### Work request
This calls for a verbatim copy of all the data, with no images carried over.

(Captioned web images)
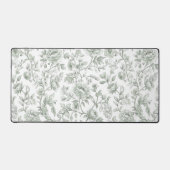 Sage Green Floral Vintage Toile Pattern  デスクマット (正面)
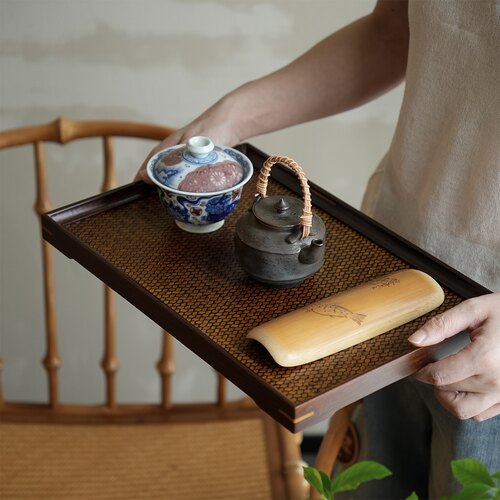 重竹制席面茶盘长方形干泡台中式家用奉茶盘茶道器物收纳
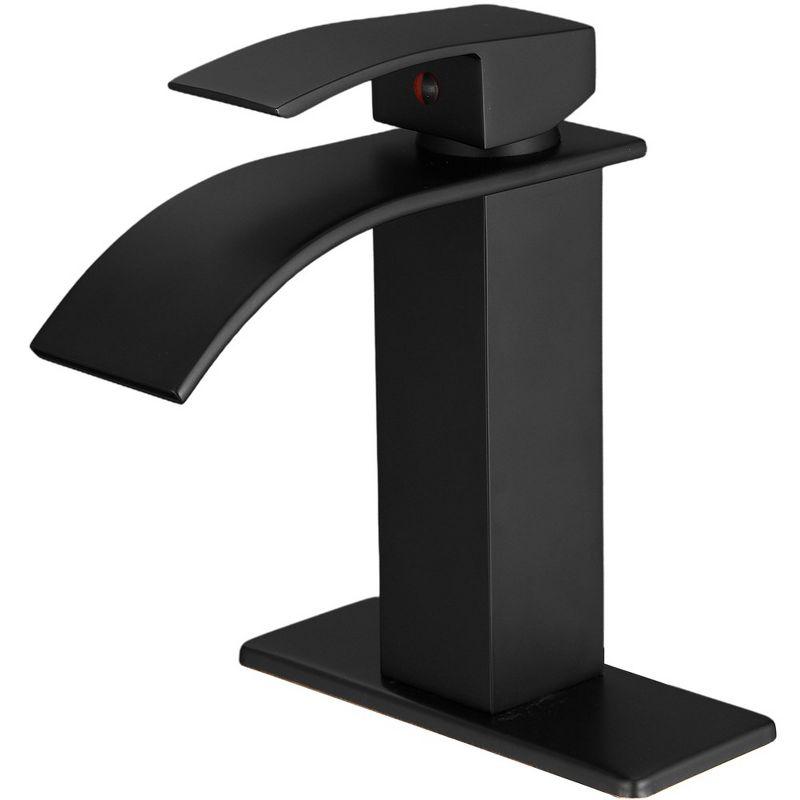 Matte Black Single Handle Waterfall Bathroom Faucet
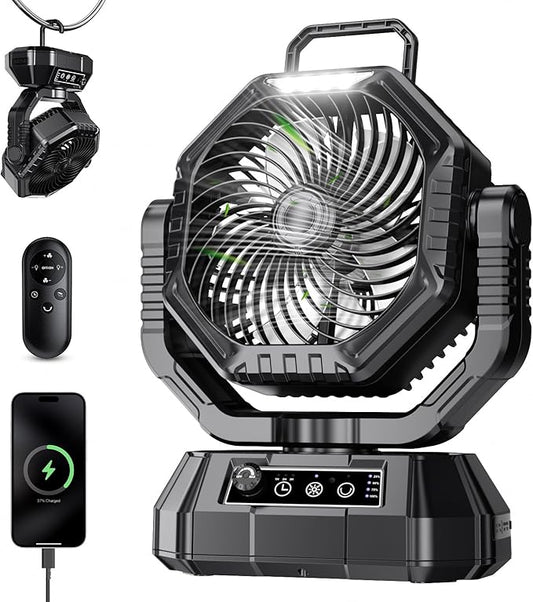Portable Fan Rechargeable, 20000mAh Battery Powered Fan, LED Light, Remote Controller, Dual-Blade, 90°/270° Swing, 1-3H Timer, Battery Operated fan For Travel Tent Camping Bedroom Office Beach Fishing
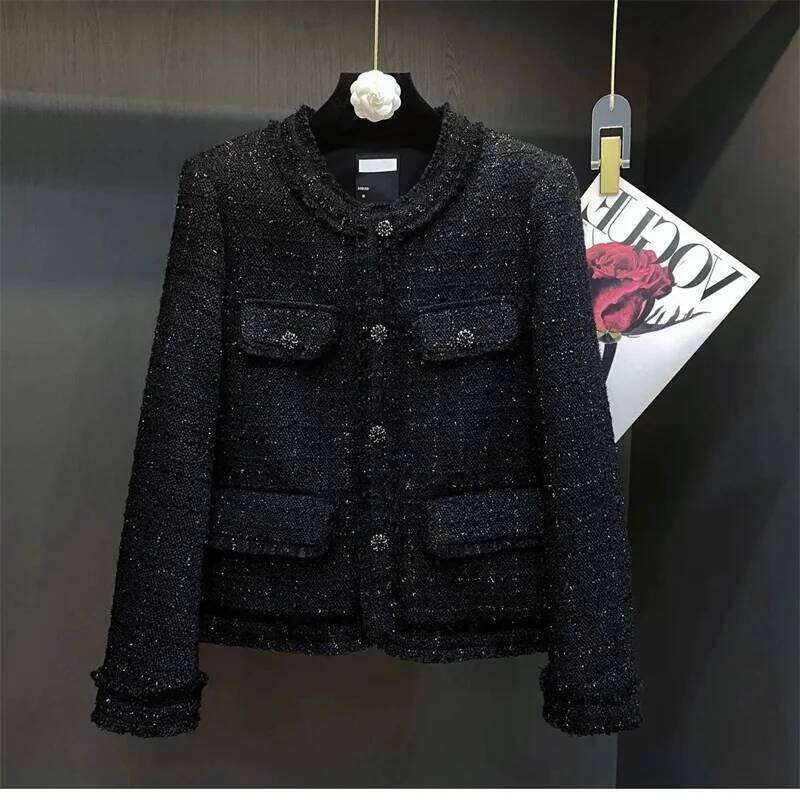 Black Jacket Women's Shiny Silk Cotton Autumn And Winter New French Socialite High-End Feeling Coarse Floral Wool Coat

### Response to this exercise
 Sage Green Floral Vintage Toile Pattern  デスクマット (正面)
 重竹制席面茶盘长方形干泡台中式家用奉茶盘茶道器物收纳
 Matte Black Single Handle Waterfall Bathroom Faucet
Portable Fan Rechargeable, 20000mAh Battery Powered Fan, LED Light, Remote Controller, Dual-Blade, 90°/270° Swing, 1-3H Timer, Battery Operated fan For Travel Tent Camping Bedroom Office Beach Fishing
 Black Jacket Women's Shiny Silk Cotton Autumn And Winter New French Socialite High-End Feeling Coarse Floral Wool Coat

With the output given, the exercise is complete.